The Griqua National Conference brought over 1 400 people from six provinces to Mitchell’s Plain between Friday July 5 and Sunday July 7.
The main reason for the conference was to celebrate 100 years of Griqua choral singing.
The opening ceremony took place at the Griqua Community Hall in Portland on Friday July 5.
The Griqua choir festival was first established on July 5 1919, said Willem Gahl, one of the chiefs in Mitchell’s Plain.
He explained that the choirs had been formed to help raise funds for the impoverished communities in Namaqualand and the then governor of the Cape, Sir Frederick De Waal had asked the broader community to assist them.
In 1919, said Mr Gahl, Paramount Chief Andrew Abraham Stockenstrom Le Fleur formed choirs, who were dispatched from the Grand Parade on Sundays, to Wynberg, Salt River, Athlone and Rondebosch, among other areas, to collect money for those in need.
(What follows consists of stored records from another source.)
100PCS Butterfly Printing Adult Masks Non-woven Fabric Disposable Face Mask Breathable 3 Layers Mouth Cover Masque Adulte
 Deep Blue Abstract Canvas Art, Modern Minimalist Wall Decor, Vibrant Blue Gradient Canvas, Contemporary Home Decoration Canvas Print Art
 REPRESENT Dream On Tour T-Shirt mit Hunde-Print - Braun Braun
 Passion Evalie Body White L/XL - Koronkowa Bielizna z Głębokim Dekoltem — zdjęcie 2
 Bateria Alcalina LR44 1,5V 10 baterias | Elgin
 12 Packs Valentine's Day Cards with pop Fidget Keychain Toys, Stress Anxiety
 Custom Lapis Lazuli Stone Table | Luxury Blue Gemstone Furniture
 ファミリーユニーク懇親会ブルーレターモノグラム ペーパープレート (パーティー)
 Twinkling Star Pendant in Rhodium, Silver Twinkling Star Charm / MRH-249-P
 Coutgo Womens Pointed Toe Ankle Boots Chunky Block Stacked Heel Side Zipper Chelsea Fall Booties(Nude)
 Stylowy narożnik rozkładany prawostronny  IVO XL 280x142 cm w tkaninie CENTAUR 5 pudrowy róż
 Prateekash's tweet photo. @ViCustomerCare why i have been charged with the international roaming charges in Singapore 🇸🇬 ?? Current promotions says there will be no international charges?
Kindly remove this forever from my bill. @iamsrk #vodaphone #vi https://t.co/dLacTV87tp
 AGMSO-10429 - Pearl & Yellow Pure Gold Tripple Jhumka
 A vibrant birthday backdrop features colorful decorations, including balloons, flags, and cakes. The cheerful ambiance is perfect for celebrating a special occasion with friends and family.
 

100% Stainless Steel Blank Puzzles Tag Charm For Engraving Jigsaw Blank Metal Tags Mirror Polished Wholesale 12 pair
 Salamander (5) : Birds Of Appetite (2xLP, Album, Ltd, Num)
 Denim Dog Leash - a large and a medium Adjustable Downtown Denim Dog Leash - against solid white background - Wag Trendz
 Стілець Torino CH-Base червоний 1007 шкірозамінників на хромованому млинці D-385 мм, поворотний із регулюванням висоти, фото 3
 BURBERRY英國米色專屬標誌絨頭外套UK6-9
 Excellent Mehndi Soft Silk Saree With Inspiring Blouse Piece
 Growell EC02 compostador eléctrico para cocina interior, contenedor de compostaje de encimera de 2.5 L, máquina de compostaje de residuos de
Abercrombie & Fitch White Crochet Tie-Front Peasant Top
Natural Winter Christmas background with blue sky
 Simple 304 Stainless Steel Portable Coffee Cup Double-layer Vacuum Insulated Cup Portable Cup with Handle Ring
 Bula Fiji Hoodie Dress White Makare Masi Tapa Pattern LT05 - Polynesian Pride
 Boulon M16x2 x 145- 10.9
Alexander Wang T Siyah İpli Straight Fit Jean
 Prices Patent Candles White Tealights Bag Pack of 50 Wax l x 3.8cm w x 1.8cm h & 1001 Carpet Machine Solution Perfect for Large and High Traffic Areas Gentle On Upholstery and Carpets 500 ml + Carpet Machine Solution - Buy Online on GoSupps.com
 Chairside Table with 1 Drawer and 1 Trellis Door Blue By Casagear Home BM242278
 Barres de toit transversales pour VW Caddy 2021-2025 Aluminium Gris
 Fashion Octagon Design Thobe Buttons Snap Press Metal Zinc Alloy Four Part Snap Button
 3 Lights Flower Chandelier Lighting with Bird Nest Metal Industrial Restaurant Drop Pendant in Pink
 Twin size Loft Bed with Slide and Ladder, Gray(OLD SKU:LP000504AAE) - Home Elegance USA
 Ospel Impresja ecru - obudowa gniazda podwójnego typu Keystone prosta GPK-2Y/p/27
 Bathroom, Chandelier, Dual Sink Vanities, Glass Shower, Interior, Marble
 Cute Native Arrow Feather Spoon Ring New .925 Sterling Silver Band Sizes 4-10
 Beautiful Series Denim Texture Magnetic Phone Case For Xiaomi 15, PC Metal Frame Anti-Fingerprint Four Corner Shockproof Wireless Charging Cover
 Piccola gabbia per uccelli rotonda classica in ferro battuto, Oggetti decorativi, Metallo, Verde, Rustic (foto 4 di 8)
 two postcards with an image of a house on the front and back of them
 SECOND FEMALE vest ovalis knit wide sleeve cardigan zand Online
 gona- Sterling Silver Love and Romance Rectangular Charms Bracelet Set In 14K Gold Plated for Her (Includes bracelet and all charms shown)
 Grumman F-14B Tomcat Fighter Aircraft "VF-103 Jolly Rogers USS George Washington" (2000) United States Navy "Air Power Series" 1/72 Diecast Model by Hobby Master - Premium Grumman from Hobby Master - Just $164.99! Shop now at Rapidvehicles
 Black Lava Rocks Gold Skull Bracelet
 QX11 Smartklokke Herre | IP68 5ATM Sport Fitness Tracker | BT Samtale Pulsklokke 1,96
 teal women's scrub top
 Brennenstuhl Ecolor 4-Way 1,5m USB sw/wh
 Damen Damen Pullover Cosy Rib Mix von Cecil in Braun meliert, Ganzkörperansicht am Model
In the afternoon, the choirs would make their way back to the Grand Parade to hand the money they had collected, over to the Paramount Chief who would place the money in a pillow case and hand it over to the governor on Monday morning.
The governor would make sure the money reached the communities they had been collected for, said Mr Gahl. The tradition of choirs has since continued. “We are singing people. All of us were in choirs over the years.
Alan Andrew Le Fleur, the great-grandson of Andrew Abraham Stockenstrom Le Fleur, is the current Paramount Chief. It is tradition that the eldest son and first-born succeed the one before him.
“He is the indigenous and traditional leader of our Griqua Nation who keeps his followers together, our de facto king with supreme power,” said Mr Gahl.“He is a direct descendant of the late Kaptyn Adam Kok.”
More than 30 choirs attended this year’s festival. They came from Kimberley, kwaZulu-Natal, Northern Cape, Western Cape, Free State and Gauteng.